Het DISC-model wordt vaak ingezet bij teambuilding om de communicatie en samenwerking binnen teams te verbeteren. Door inzicht te krijgen in de verschillende gedragsstijlen, kunnen teamleden elkaar beter begrijpen en effectiever samenwerken.
Teambuildingactiviteiten die gebaseerd zijn op het DISC-model, zoals rollenspellen of workshops, helpen teamleden om deze dynamiek te verkennen en te versterken. Bijvoorbeeld, een workshop waarbij teamleden scenario’s spelen waarin ze hun DISC-gedragstypen bewust inzetten, kan leiden tot meer begrip en betere samenwerking.

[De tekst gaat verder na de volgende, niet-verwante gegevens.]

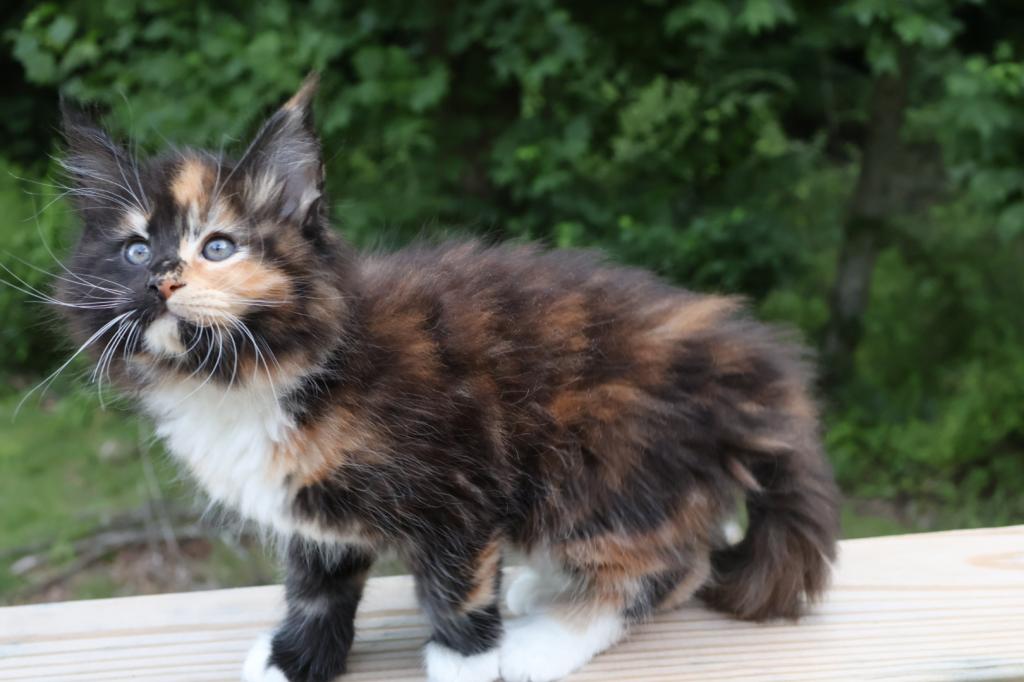 Luna Maine Coon photo 6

De vier gedragstypen van DISC
Het DISC-model deelt mensen in op basis van hun gedrag in specifieke situaties, wat resulteert in vier gedragstypen, elk gekoppeld aan een kleur:
- D (Dominantie – Rood): Mensen met een dominante gedragsstijl zijn doelgericht, assertief en nemen graag het voortouw. In een teamcontext nemen ze vaak de leiding en zijn ze gefocust op het behalen van resultaten. Een voorbeeld is een teamleider die snel beslissingen neemt en uitdagingen graag aangaat, maar ook de neiging heeft om soms te veel druk op het team te leggen.
- I (Invloed – Geel): Deze individuen zijn sociaal, enthousiast en inspirerend. Ze brengen energie in een team en stimuleren samenwerking. Denk aan een teamlid dat altijd met nieuwe ideeën komt en anderen motiveert, maar soms ook moeite heeft met details en focus.
- S (Stabiliteit – Groen): Personen met een stabiele gedragsstijl zijn ondersteunend, betrouwbaar en geduldig. Ze zorgen voor harmonie binnen een team en staan klaar om anderen te helpen. Een typisch voorbeeld is een medewerker die altijd bereid is om te luisteren en te helpen, maar soms verandering en snelle beslissingen vermijdt.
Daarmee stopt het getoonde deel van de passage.